Mais le président a tenté de maintenir sa politique emblématique en annonçant immédiatement une nouvelle série de tarifs, cette fois basés sur une autre loi, l’article 122 du Trade Act de 1974. Ce taux de tarif mondial est actuellement fixé à 10 %, mais l’administration Trump a indiqué qu’elle envisageait de l’augmenter à 15 %.

« Après que la Cour suprême a rejeté sa première tentative d’imposer des tarifs généralisés, le président cause davantage de chaos économique et s’attend à ce que les Américains en paient le prix », a déclaré James dans un communiqué fourni à CNBC.

« Le président Trump ignore la loi et la Constitution pour augmenter effectivement les taxes sur les consommateurs et les petites entreprises », a-t-elle ajouté.

Cette initiative de la coalition des procureurs généraux des États — dont la plupart avaient participé à l’effort réussi pour bloquer les tarifs initiaux de Trump — s’ajoute à l’incertitude internationale persistante créée par la politique tarifaire du président.

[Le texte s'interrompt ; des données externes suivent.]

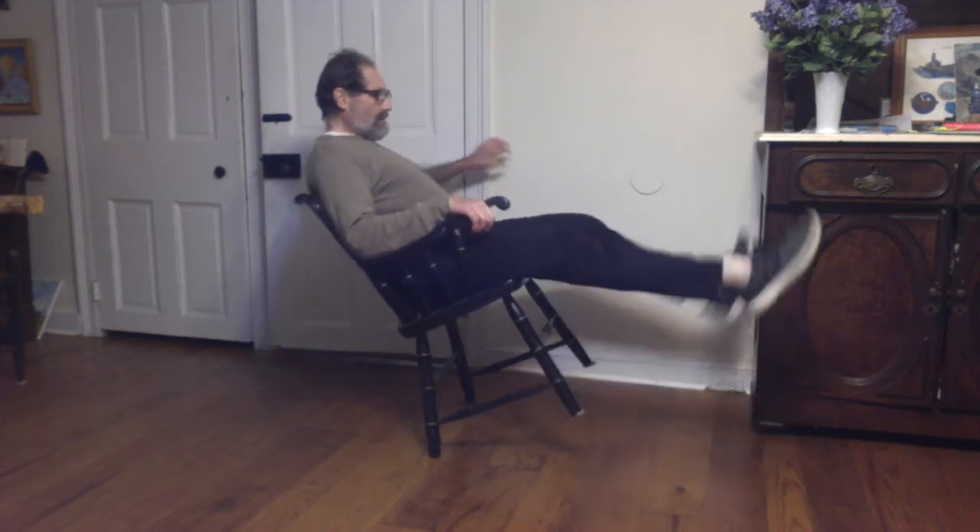Don't try this at home — you're not supposed to lean back in your chairs — but we can try this and get the balance. Where is the center of mass? It's right over the pivot. If I fall forwards, I tuck my legs in; if I fall backwards, I shoot my legs out, and that moves the center of mass back and forth. If you get good at it, it can really stay there.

Mercredi, une cour fédérale a statué que les entreprises ayant payé des tarifs invalidés le mois dernier par la Cour suprême avaient droit à des remboursements de milliards de dollars.

« Le président utilise son autorité conférée par le Congrès pour traiter les problèmes fondamentaux de paiements internationaux et pour faire face aux importants déficits de notre pays en matière de balance des paiements », a déclaré Kush Desai, porte-parole de la Maison-Blanche. « L’administration défendra vigoureusement l’action du président devant les tribunaux. »

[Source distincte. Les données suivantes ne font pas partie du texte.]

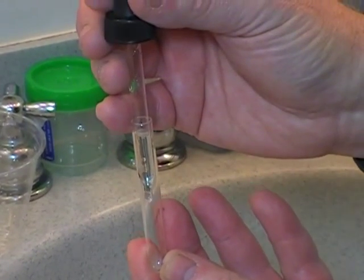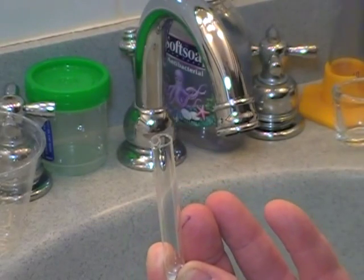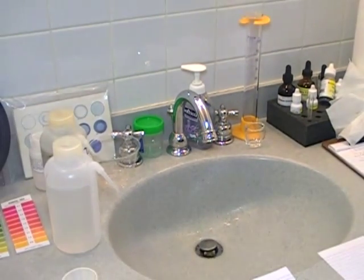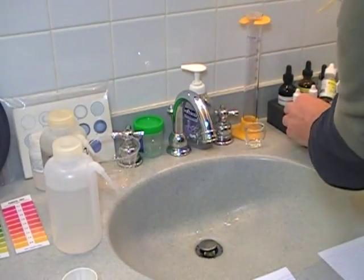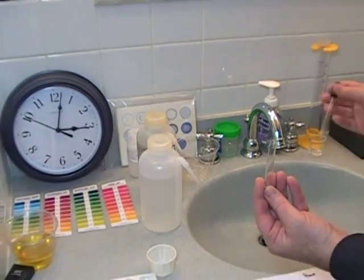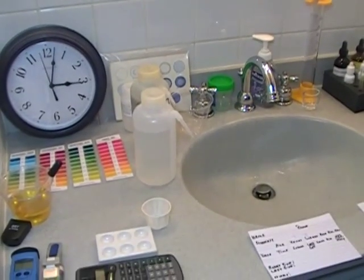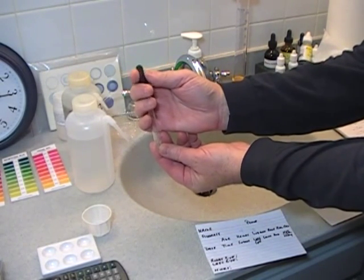Then, six drops of universal extracting solution. One drop urine. Squeeze, hold and squeeze 120 times or for one minute.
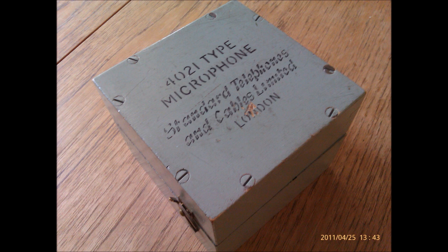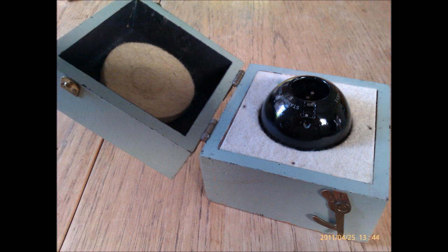Whilst listening to 78 RPM records from the 1930s and 40s, the listener may be forgiven for assuming that the distorted, crackling sound emanating from the shellac discs was the result of substandard recording equipment and that the microphones involved must have been rudimentary and of poor quality. Here is one such example from the 1930s: the STC-4021E omnidirectional moving-coil dynamic microphone. The following digital recording has been made with no EQ or processing, fully exposing the shocking truth about this weird-looking elderly transducer.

Mauvaise utilisation de la loi

Dans leur plainte, James et la coalition soutiennent que Trump abuse de l’article 122 du Trade Act de 1974, qu’ils disent avoir été conçu pour traiter des déséquilibres monétaires spécifiques possibles lorsque les États-Unis étaient sous l’étalon-or, plutôt que pour lutter contre les déséquilibres commerciaux.

Les procureurs généraux affirment également que les tarifs violent le principe de séparation des pouvoirs de la Constitution, qui donne au Congrès le pouvoir d’imposer des droits, et que les taxes de Trump violent les exigences du Trade Act de 1974 selon lesquelles elles doivent être appliquées de manière cohérente entre les pays.

Selon James, cet effort est « une tentative claire d’échapper à la décision de la Cour suprême dans l’affaire contre les tarifs imposés en vertu de l’IEEPA ».

L’année dernière, James et 11 autres États ont poursuivi l’administration Trump pour arrêter sa première série de tarifs. Cet effort a finalement été combiné avec des poursuites de petites entreprises affectées par les tarifs dans l’affaire portée devant la Cour suprême, qui a infligé à Trump l’un des plus grands revers juridiques de son second mandat.

Trump et James ont également connu leurs propres complications juridiques.

Son administration, par l’intermédiaire du ministère de la Justice, a inculpé James en octobre pour deux chefs d’accusation : fraude bancaire et fausses déclarations à une institution financière.

James, cependant, ne fait face à aucune accusation après qu’un juge a rejeté son inculpation et que deux grands jurys ont refusé de relancer ces poursuites séparément.

Correction : Une version précédente de cet article indiquait incorrectement le calendrier de la plainte déposée par James et d’autres procureurs généraux.